## Exercise description
Please print the entries exactly, omitting each image.

## Input material

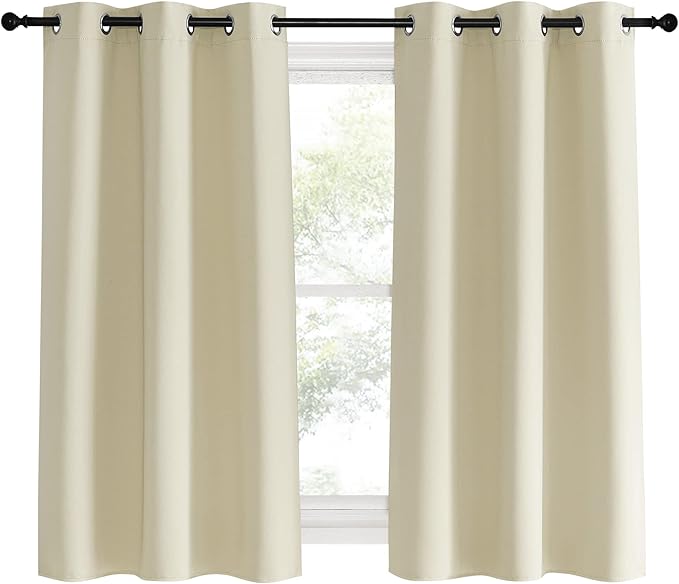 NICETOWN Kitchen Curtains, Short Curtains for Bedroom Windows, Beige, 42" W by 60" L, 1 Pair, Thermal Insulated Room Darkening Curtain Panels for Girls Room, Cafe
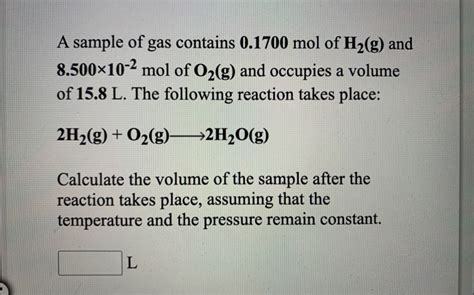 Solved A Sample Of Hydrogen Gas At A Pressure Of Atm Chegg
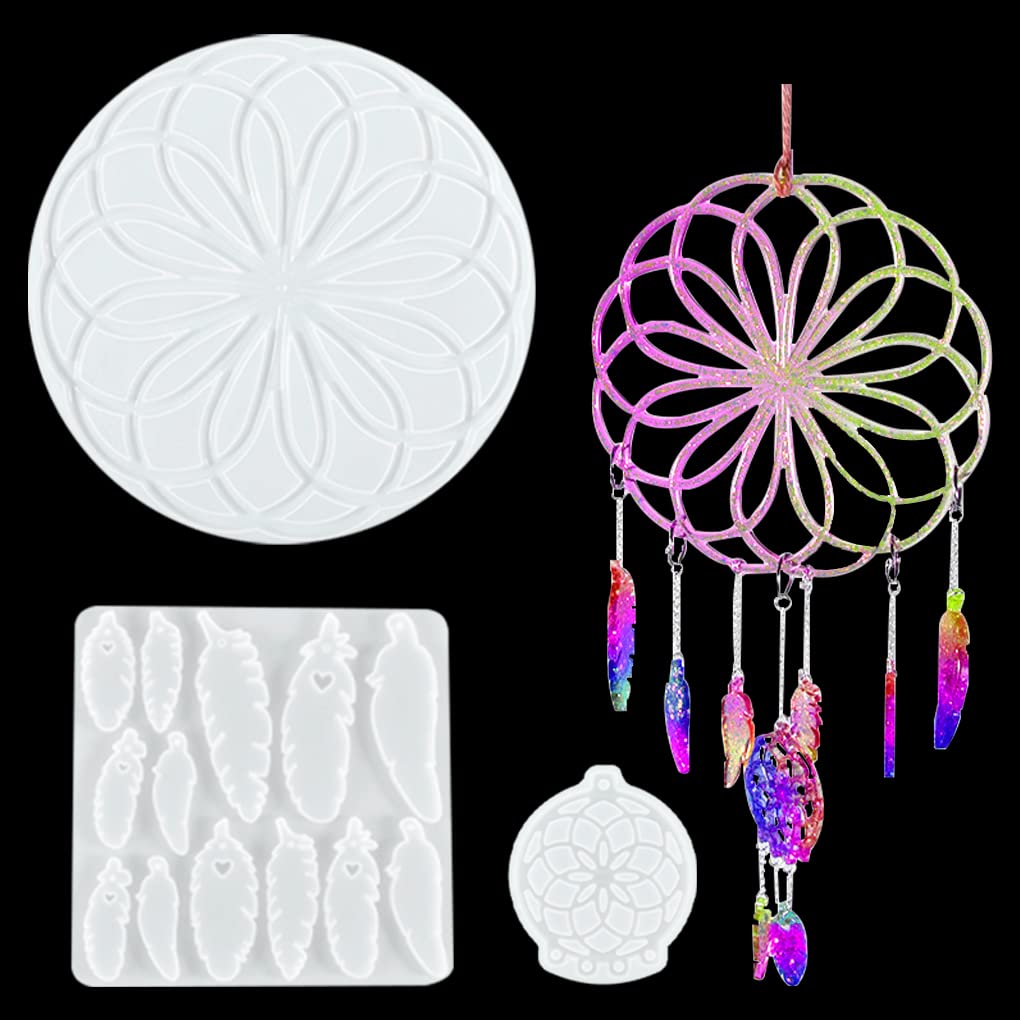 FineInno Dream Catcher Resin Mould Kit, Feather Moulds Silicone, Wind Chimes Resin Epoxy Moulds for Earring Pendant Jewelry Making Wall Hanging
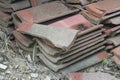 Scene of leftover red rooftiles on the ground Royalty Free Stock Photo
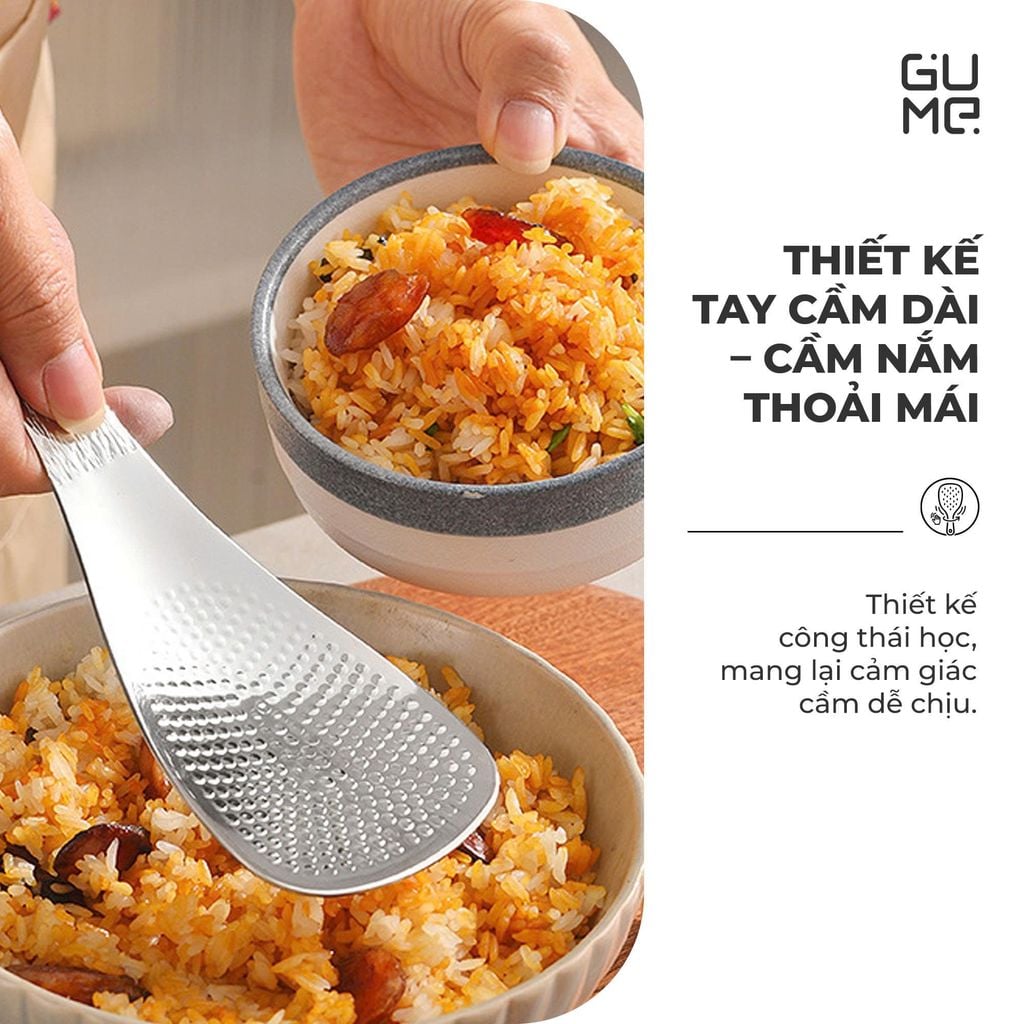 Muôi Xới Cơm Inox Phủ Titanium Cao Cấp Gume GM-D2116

## Response
 NICETOWN Kitchen Curtains, Short Curtains for Bedroom Windows, Beige, 42" W by 60" L, 1 Pair, Thermal Insulated Room Darkening Curtain Panels for Girls Room, Cafe
 Solved A Sample Of Hydrogen Gas At A Pressure Of Atm Chegg
 FineInno Dream Catcher Resin Mould Kit, Feather Moulds Silicone, Wind Chimes Resin Epoxy Moulds for Earring Pendant Jewelry Making Wall Hanging
 Scene of leftover red rooftiles on the ground Royalty Free Stock Photo
 Muôi Xới Cơm Inox Phủ Titanium Cao Cấp Gume GM-D2116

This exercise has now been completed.